| Task statement |
What's required is a verbatim printout of all the data.

| Data for analysis |
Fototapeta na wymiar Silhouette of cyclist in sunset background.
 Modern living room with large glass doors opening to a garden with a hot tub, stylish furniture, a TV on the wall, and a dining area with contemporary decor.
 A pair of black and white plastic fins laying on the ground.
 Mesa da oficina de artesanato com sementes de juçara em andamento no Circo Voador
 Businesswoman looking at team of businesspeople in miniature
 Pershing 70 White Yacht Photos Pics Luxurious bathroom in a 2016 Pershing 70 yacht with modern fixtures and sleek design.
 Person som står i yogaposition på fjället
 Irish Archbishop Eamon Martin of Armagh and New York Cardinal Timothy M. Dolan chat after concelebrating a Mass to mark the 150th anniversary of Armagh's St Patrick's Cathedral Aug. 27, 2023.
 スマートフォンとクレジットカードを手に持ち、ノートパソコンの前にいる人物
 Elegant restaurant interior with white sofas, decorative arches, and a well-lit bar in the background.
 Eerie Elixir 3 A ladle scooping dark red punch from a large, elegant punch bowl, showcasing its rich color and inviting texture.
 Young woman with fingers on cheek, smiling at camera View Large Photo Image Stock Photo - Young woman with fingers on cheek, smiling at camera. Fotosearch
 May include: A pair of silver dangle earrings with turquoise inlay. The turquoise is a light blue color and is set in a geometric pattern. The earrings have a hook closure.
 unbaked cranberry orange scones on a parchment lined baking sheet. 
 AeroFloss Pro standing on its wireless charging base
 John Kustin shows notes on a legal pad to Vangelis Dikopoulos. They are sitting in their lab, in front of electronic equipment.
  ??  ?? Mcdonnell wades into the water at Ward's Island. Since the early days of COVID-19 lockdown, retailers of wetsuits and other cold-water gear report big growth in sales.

| Answer for this exercise |
Fototapeta na wymiar Silhouette of cyclist in sunset background.
 Modern living room with large glass doors opening to a garden with a hot tub, stylish furniture, a TV on the wall, and a dining area with contemporary decor.
 A pair of black and white plastic fins laying on the ground.
 Mesa da oficina de artesanato com sementes de juçara em andamento no Circo Voador
 Businesswoman looking at team of businesspeople in miniature
 Pershing 70 White Yacht Photos Pics Luxurious bathroom in a 2016 Pershing 70 yacht with modern fixtures and sleek design.
 Person som står i yogaposition på fjället
 Irish Archbishop Eamon Martin of Armagh and New York Cardinal Timothy M. Dolan chat after concelebrating a Mass to mark the 150th anniversary of Armagh's St Patrick's Cathedral Aug. 27, 2023.
 スマートフォンとクレジットカードを手に持ち、ノートパソコンの前にいる人物
 Elegant restaurant interior with white sofas, decorative arches, and a well-lit bar in the background.
 Eerie Elixir 3 A ladle scooping dark red punch from a large, elegant punch bowl, showcasing its rich color and inviting texture.
 Young woman with fingers on cheek, smiling at camera View Large Photo Image Stock Photo - Young woman with fingers on cheek, smiling at camera. Fotosearch
 May include: A pair of silver dangle earrings with turquoise inlay. The turquoise is a light blue color and is set in a geometric pattern. The earrings have a hook closure.
 unbaked cranberry orange scones on a parchment lined baking sheet. 
 AeroFloss Pro standing on its wireless charging base
 John Kustin shows notes on a legal pad to Vangelis Dikopoulos. They are sitting in their lab, in front of electronic equipment.
  ??  ?? Mcdonnell wades into the water at Ward's Island. Since the early days of COVID-19 lockdown, retailers of wetsuits and other cold-water gear report big growth in sales.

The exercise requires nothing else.